Quindi va tutto bene?

No, non è che tutto sia positivo. Ad esempio gli investimenti industriali sono molto legati alle normative sul lavoro, che con l’abolizione del Jobs Act e il varo del decreto dignità, si sono un po’ deteriorate, creando negli investitori esteri un certo disagio. Si domandano: ma se noi scommettiamo sull’Italia la normativa ci aiuta?

E lei cosa risponde?

Cerchiamo di spostare l’attenzione sul business delle società che vogliono acquisire. Alla fine chi investe è molto più focalizzato sul core dell’azienda che vuole comprare o di cui vuole diventare partner. Il quadro politico economico è importante, ma fino ad un certo punto.

Quindi tutte quelle polemiche sul governo gialloverde sono solo gonfiate dai media?

Guardi questo governo non appare, al di là delle parole, pro industria o pro investimenti ma nonostante tutto non c’è alcuna fuga o ripensamento riguardo alle opportunità di investire in Italia.

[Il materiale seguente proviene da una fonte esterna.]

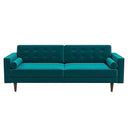 Casey mid-century modern teal velvet upholstered sofa featuring a button-tufted back, matching cylindrical bolster pillows, and tapered dark wood legs on a white background.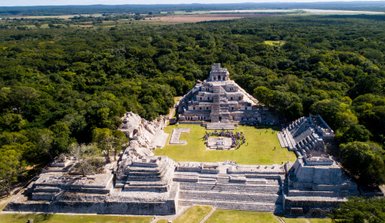 Eine beeindruckende Sicht auf die Ruinen einer alten Maya-Stadt, umgeben von üppigem Grün und einem klaren blauen Himmel.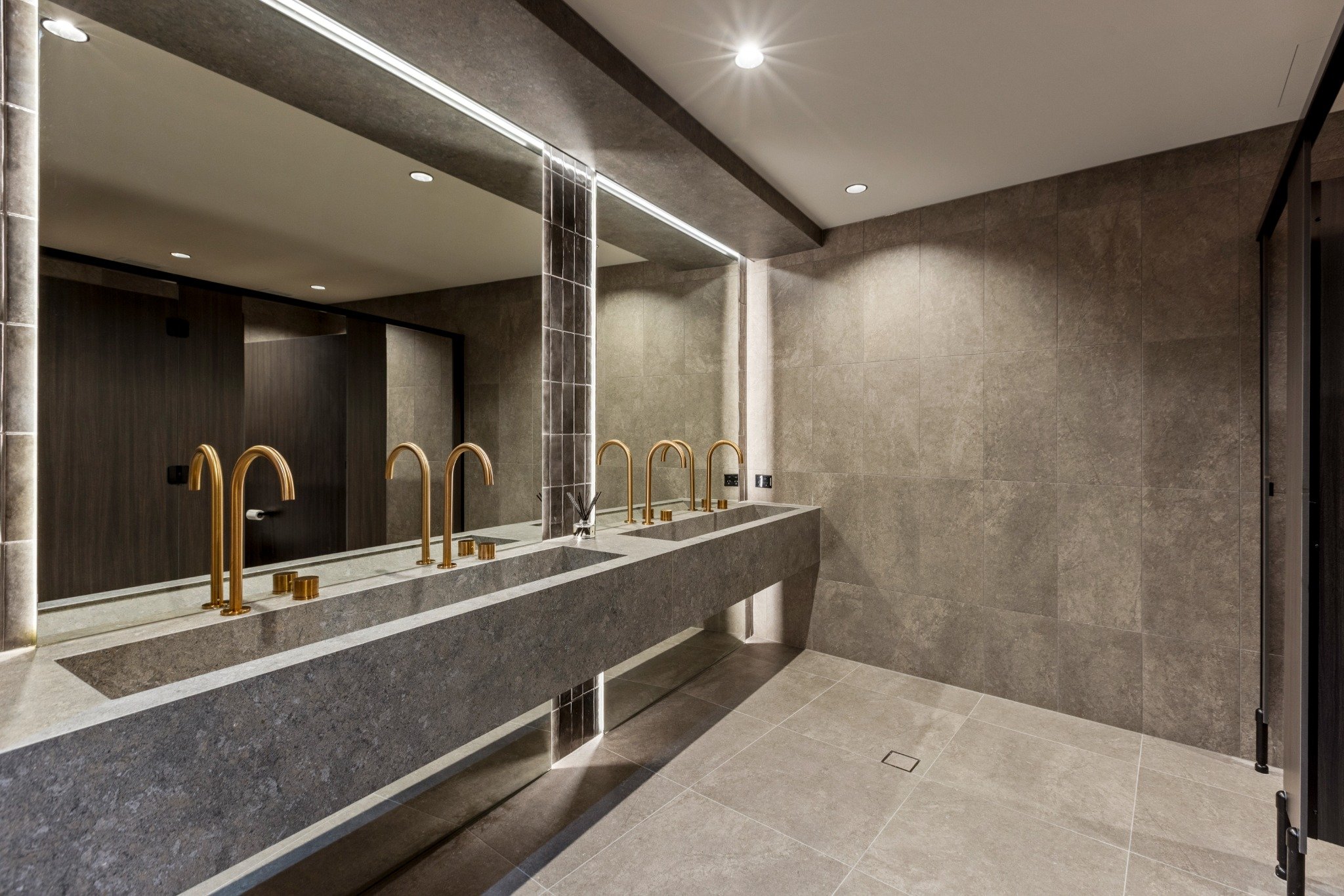 Detail view of the men’s washroom at Riva Robina with floating stone vanity, integrated LED mirror lighting, brushed gold tapware, and large-format grey tiles for a refined, modern finish.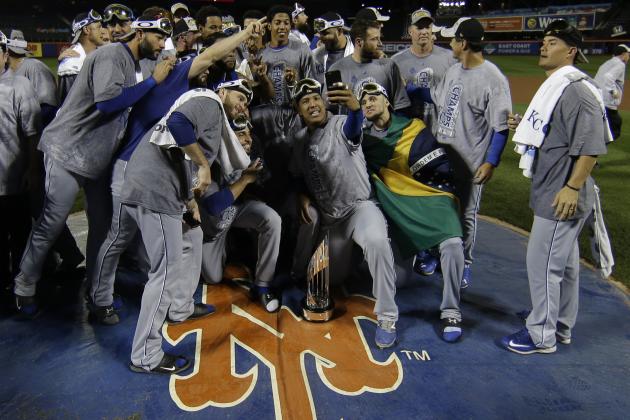 Kansas City Royals pose with World Series trophy after Game 5 of the Major League Baseball World Series against the New York Mets Monday, Nov. 2, 2015, in New York. The Royals won 7-2 to win the series. (AP Photo/Matt Slocum)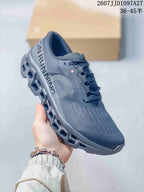 Angled side view of the dark gray On sneaker showing the heel branding, side logo, and sculpted outsole.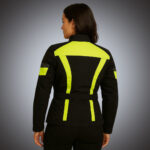 Rear view of a women's black technical motorcycle jacket featuring large neon yellow high-visibility panels on the shoulders and back, with an adjustable waist belt and reinforced safety stitching.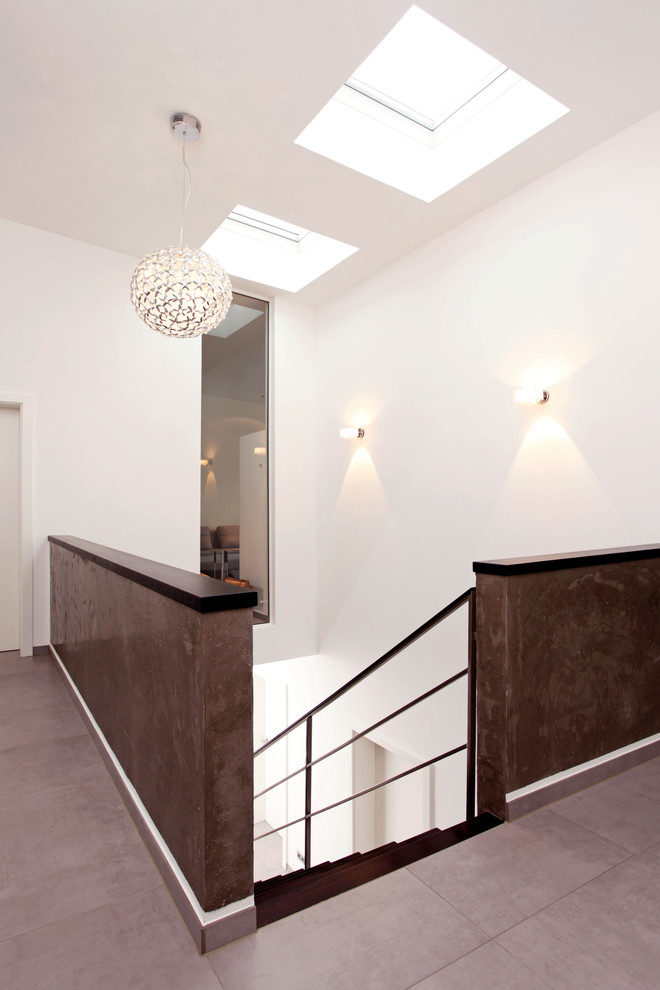Inspiration for an expansive contemporary hallway in Dortmund with white walls.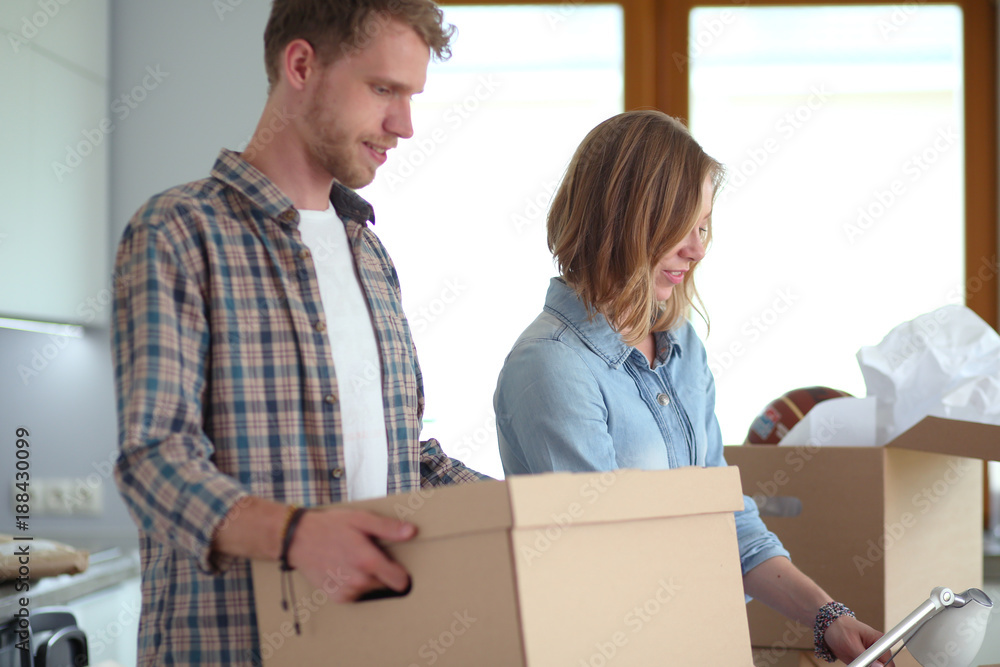 Couple unpacking cardboard boxes in their new home. Young couple. Couple unpacking cardboard boxes in their new home. Young couple.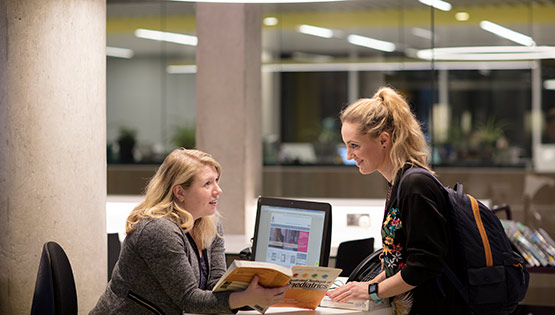 RCSI Library staff member with student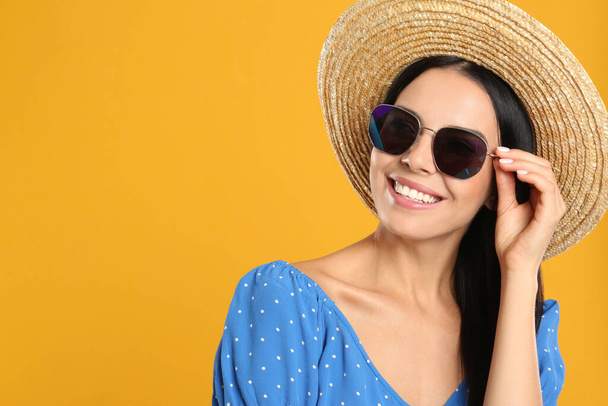 Beautiful woman wearing sunglasses on yellow background. Space for text - Zdjęcie, obraz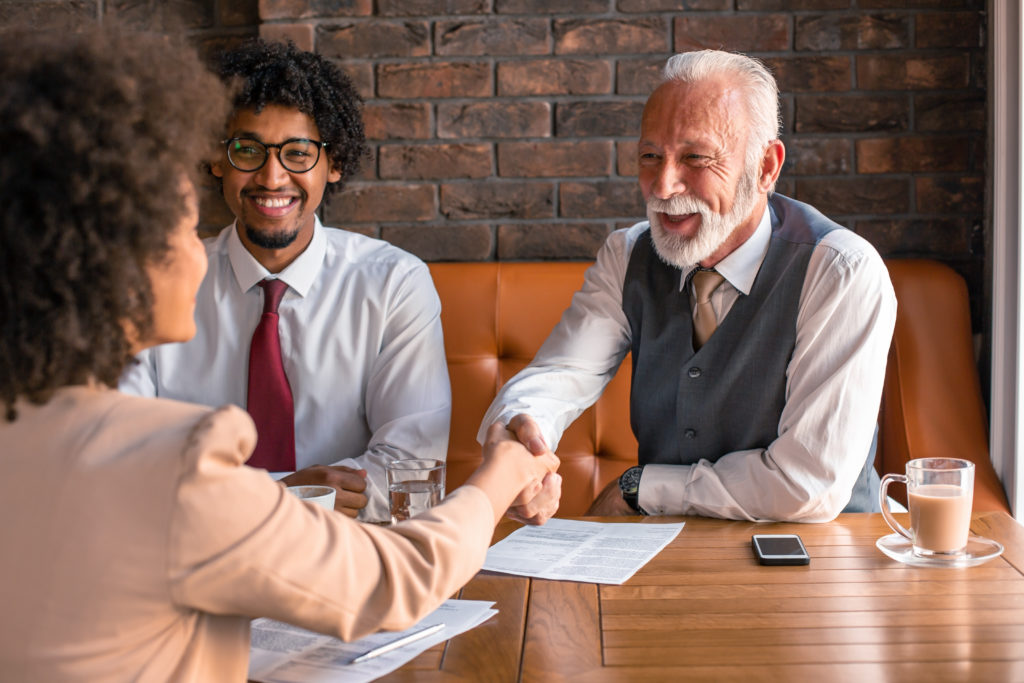 An elderly male and younger male sitting at a booth for a job interview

La situazione non è variata rispetto a sei mesi o ad un anno fa. Certo se ci fosse una maggiore coesione e univocità d’intenti nel governo sarebbe utile per tutti, ma forse è chiedere troppo…

A livello finanziario invece cosa succede?

Gli investimenti finanziari in Italia sono principalmente opportunistici. Per i titoli di Stato la situazione è stabile, c’è uno zoccolo del 25% di investitori esteri che comprano i nostri Btp e per il momento non vediamo una fuga oltre quella che c’è già stata. D’altra parte lo spread intorno ai 250 punti base è appetibile, chi investe sa che noi siamo la terza potenza industriale in Europa.

Già però c’è una fuga di aziende da Piazza Affari: prima Ansaldo, poi Parmalat, a breve Luxottica..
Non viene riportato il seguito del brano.